Il y a trois cents ans, dans une ville pas si lointaine…
Quelques documents nous sont parvenus de l'époque de la création de la Passion selon saint-Jean, qui donnent une image riche de Bach et de son implication dans la vie musicale de la ville, en dehors de son studio de composition. Ses fonctions à Leipzig en tant que cantor et directeur musical étaient multiples -, elles comprenaient la contribution à la nouvelle musique religieuse pour les quatre églises, l’exécution de celle-ci, le développement des jeunes musiciens qui interprétaient sa musique, et la supervision de toutes les questions relatives à cette entreprise. L'histoire de la création de cette Passion en 1724 cristallise la nature de sa vie professionnelle. Bach s'attendait à présenter cette œuvre, sa première grande contribution à la musique d'église à Leipzig, à la Thomaskirche, et avait fait imprimer des livrets (très probablement avec le texte de la Passion) en gardant cela à l’esprit. La ville souhaitait cependant que l'œuvre soit jouée à la Nikolaikirche. Cette mésaventure a finalement conduit Bach dans le bureau du surintendant, où il a été réprimandé. Bien qu'il en ait accepté la responsabilité, il exigea que le clavecin du nouveau lieu soit réparé et que la tribune du chœur soit agrandie, deux dépenses qui s'ajoutaient à l'impression par la ville de prospectus annonçant le changement de lieu.

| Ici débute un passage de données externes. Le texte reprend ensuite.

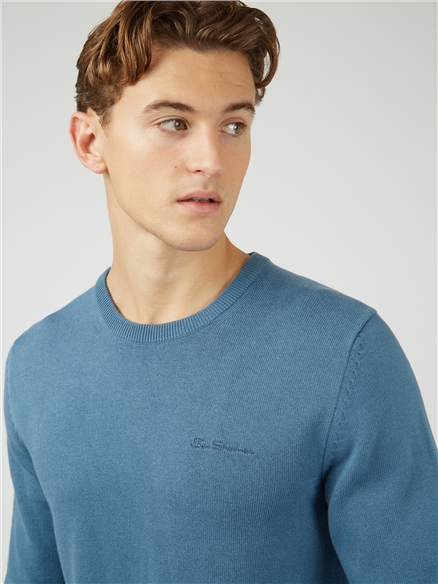 Signature Knitted Crew Neck - Blue Shadow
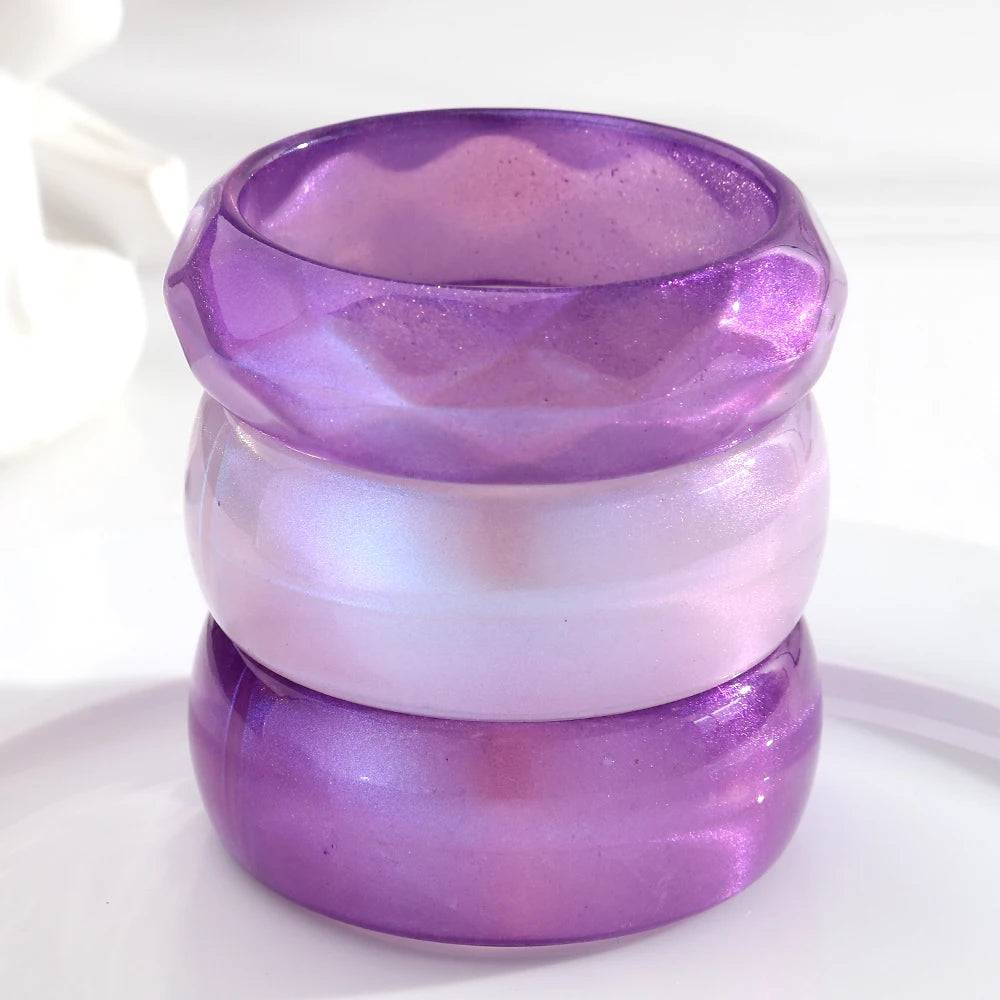 Trendy Resin Purple Wide Geometric Chunky Bangles for Women Fashion Acrylic Beaded Bangle Bracelets Party Jewelry Gifts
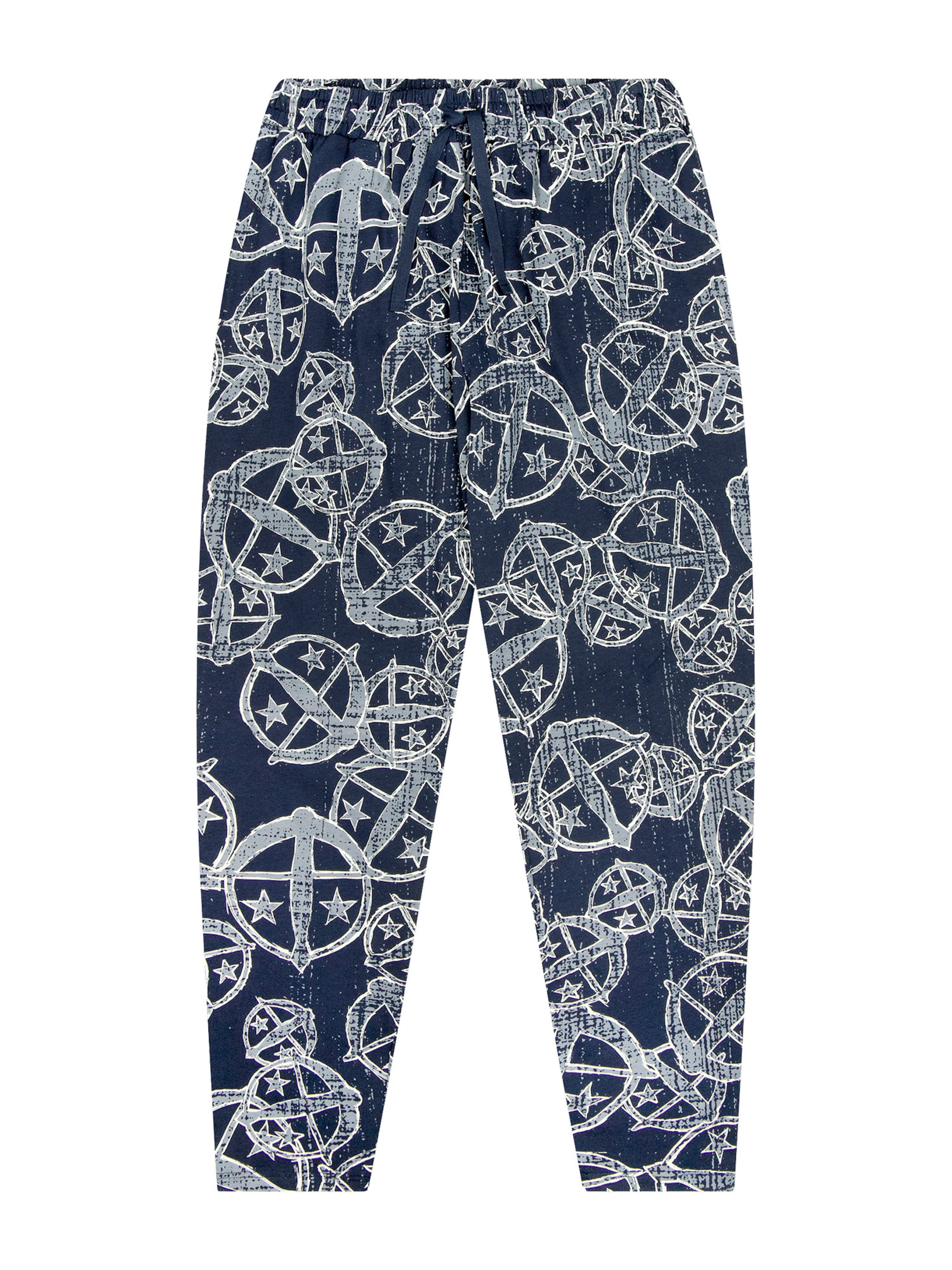 SCHIESSER Pyjamabroek ' SCHIESSER 150 YEARS ' in Blauw: voorkant
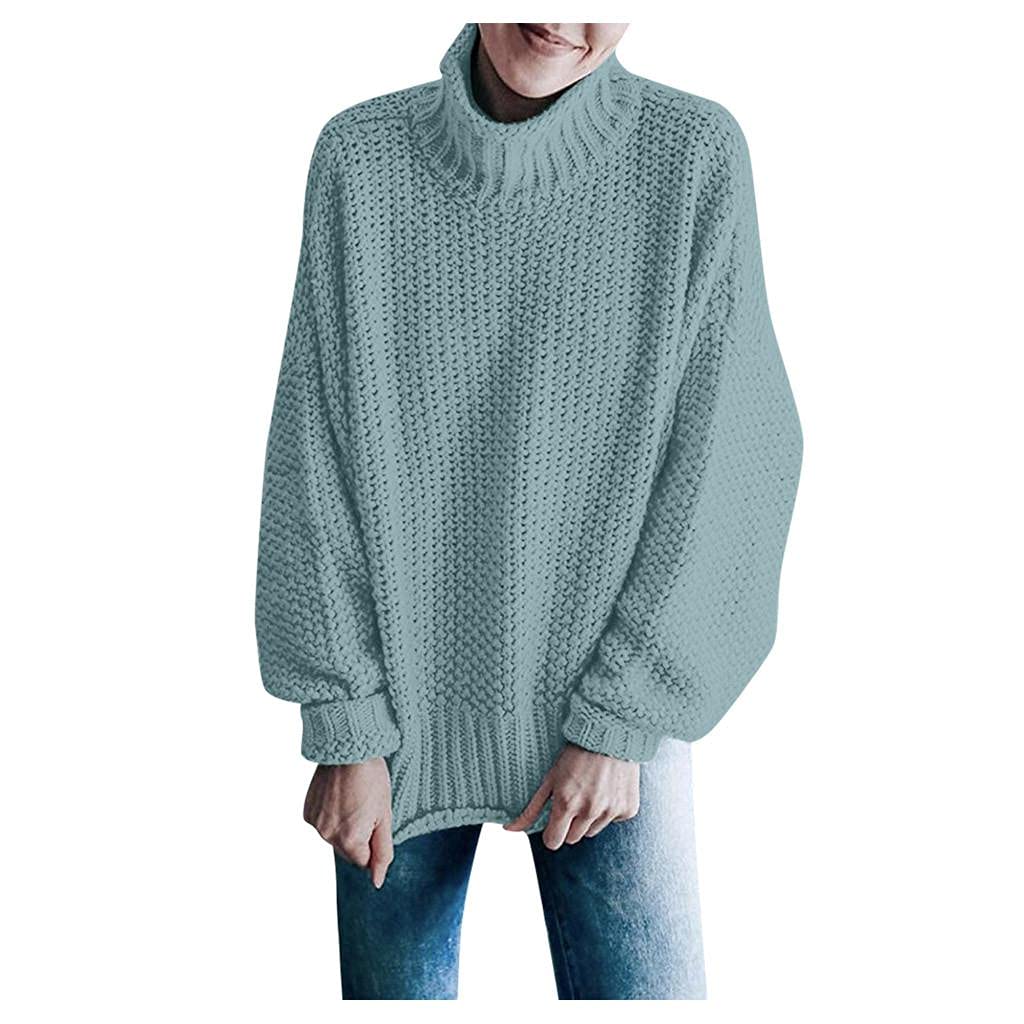 Women's Chunky Knit Turtleneck Sweater - Long Sleeve Casual Loose Pullover Top for Fall & Winter | Cozy Office Wear, Date Night Outfit, Holiday Layering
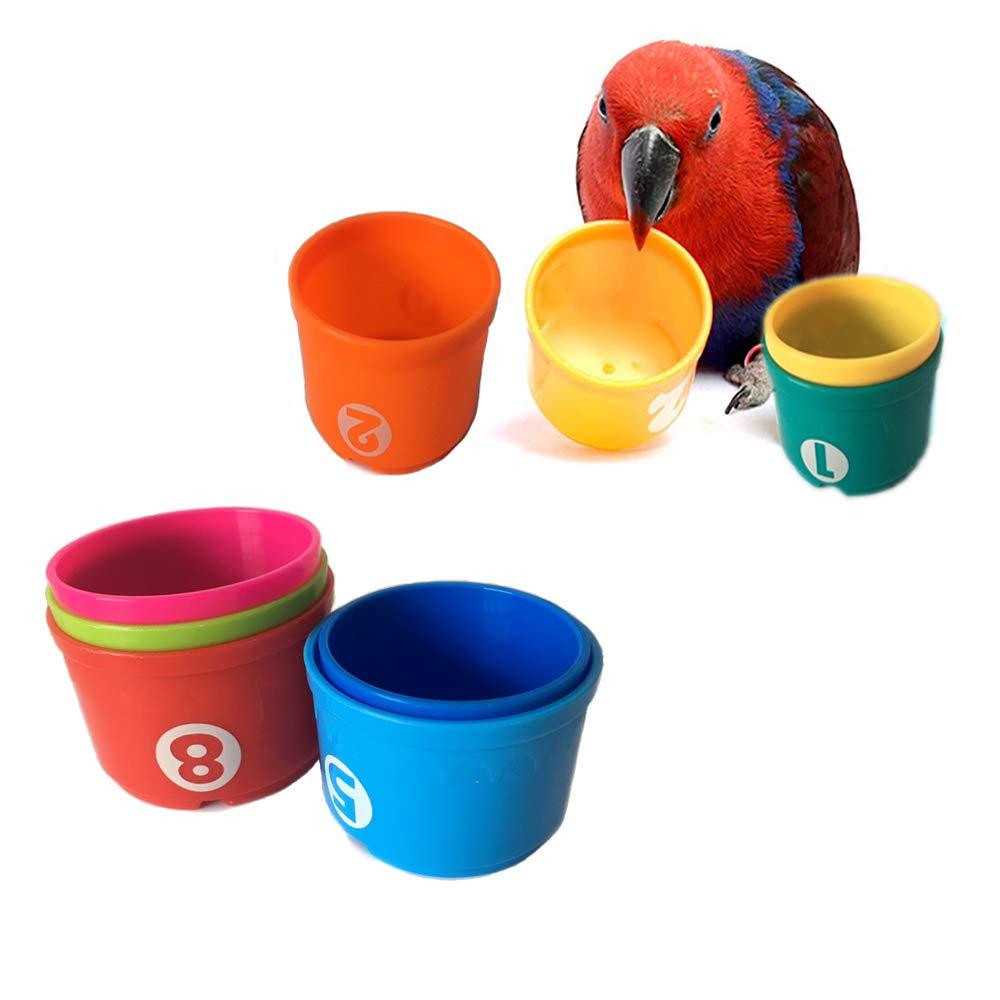 [Australia] - PIVBY Bird Educational Stacking Cup Toys Parrot Treat Chewing Playing Training Toy for for Medium to Large Birds 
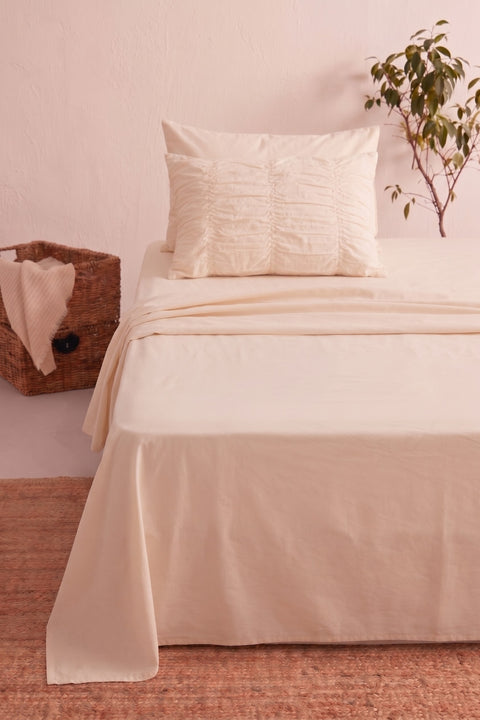 Dusty Pink - 100% Organic Cotton Bedsheet With Gather Pillowcases (300TC)
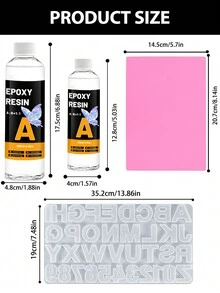 Bộ dụng cụ epoxy nhựa 120ml/250ml, nhựa epoxy trong suốt dùng cho đồ thủ công DIY và làm trang sức, tỷ lệ pha trộn 1:1, không tạo bọt khí và không bị ố vàng. - Bộ nhựa Epoxy - Xem 2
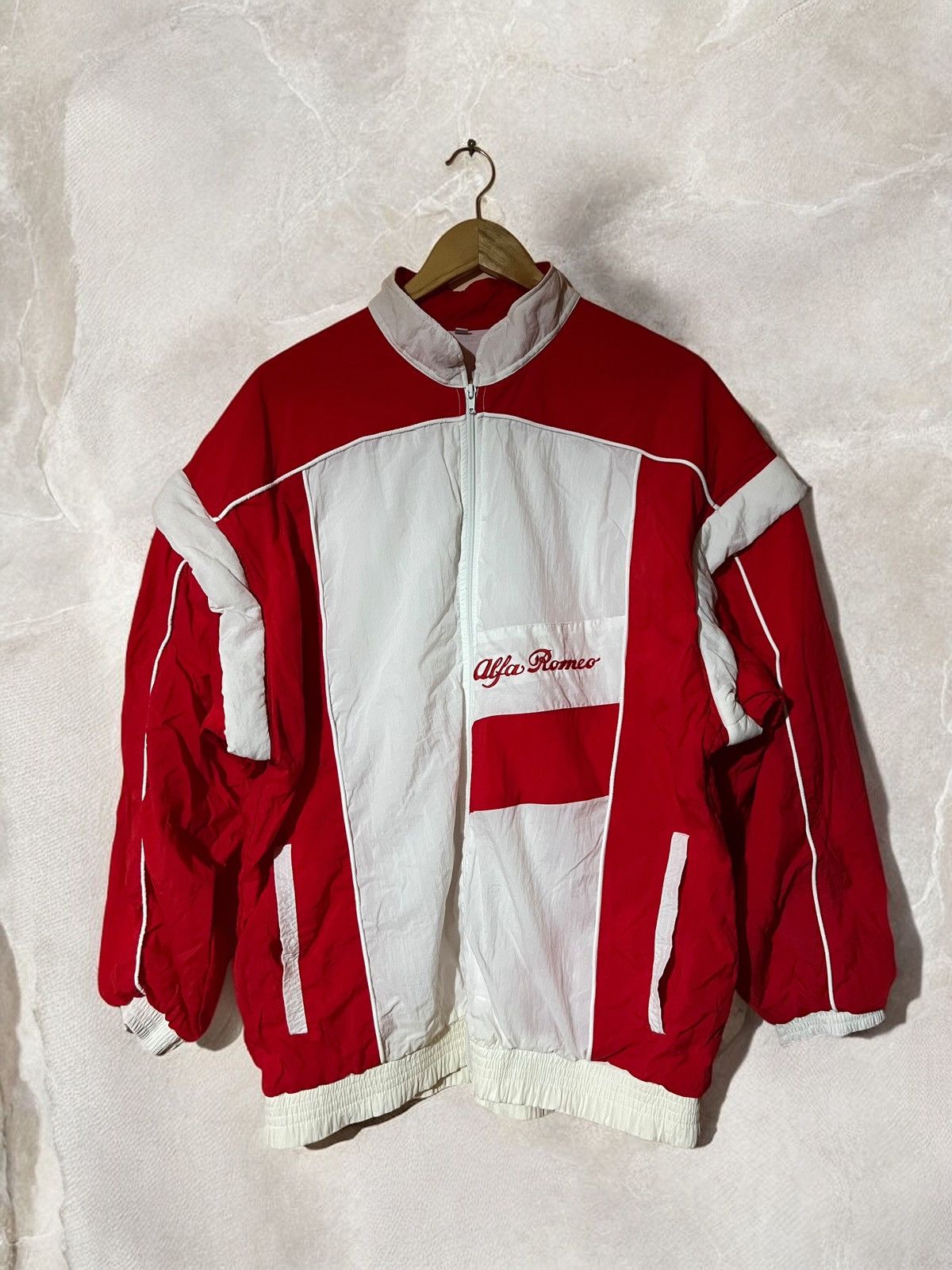 Vintage ALFA ROMEO 90s TRACK SUIT RACING Vintage Nylon pants jacket Size US M / EU 48-50 / 2 - 4 Thumbnail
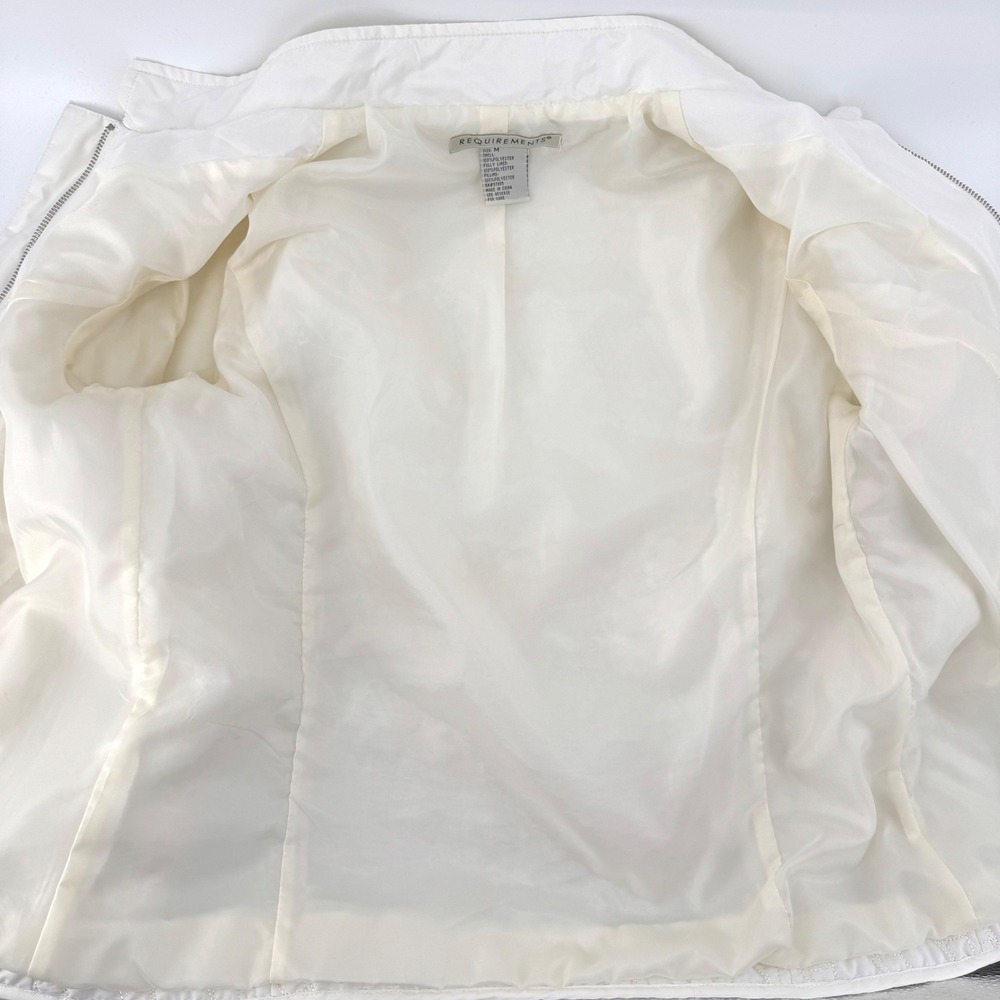 REQUIREMENTS Quilted Jacket Vanilla Cream Ivory Button Front Collar Medium - Picture 5 of 9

Nous avons souvent une vision romantique de Bach en tant que génie, perspective peut-être enracinée dans la reconnaissance généralisée et les critiques esthétiques des deux derniers siècles, qui présentent Bach comme un créateur de chefs-d'œuvre reflétant la perfection de sa transcendance intellectuelle, bien éloignée des banalités de notre réalité matérielle. De tels récits encouragent toutefois une compréhension plus profonde de Bach en tant qu'homme et "artisan", nous laissant admiratifs devant l'incroyable inventivité dont il a fait preuve et l'ardeur avec laquelle il a consigné ses idées sur la page et lors des performances. De plus, il a su trouver un équilibre entre son art et les interactions sociales exigeantes de sa position : on attendait de lui qu'il soit non seulement un musicien, mais aussi un allié bien organisé et constructif du clergé, ainsi qu'un mentor inspirant et généreux pour les jeunes qu'il était chargé de former musicalement, sans oublier ses nombreux enfants et sa riche vie familiale. Comment un homme pouvait-il accomplir autant ? De toute évidence, il n'était pas seul.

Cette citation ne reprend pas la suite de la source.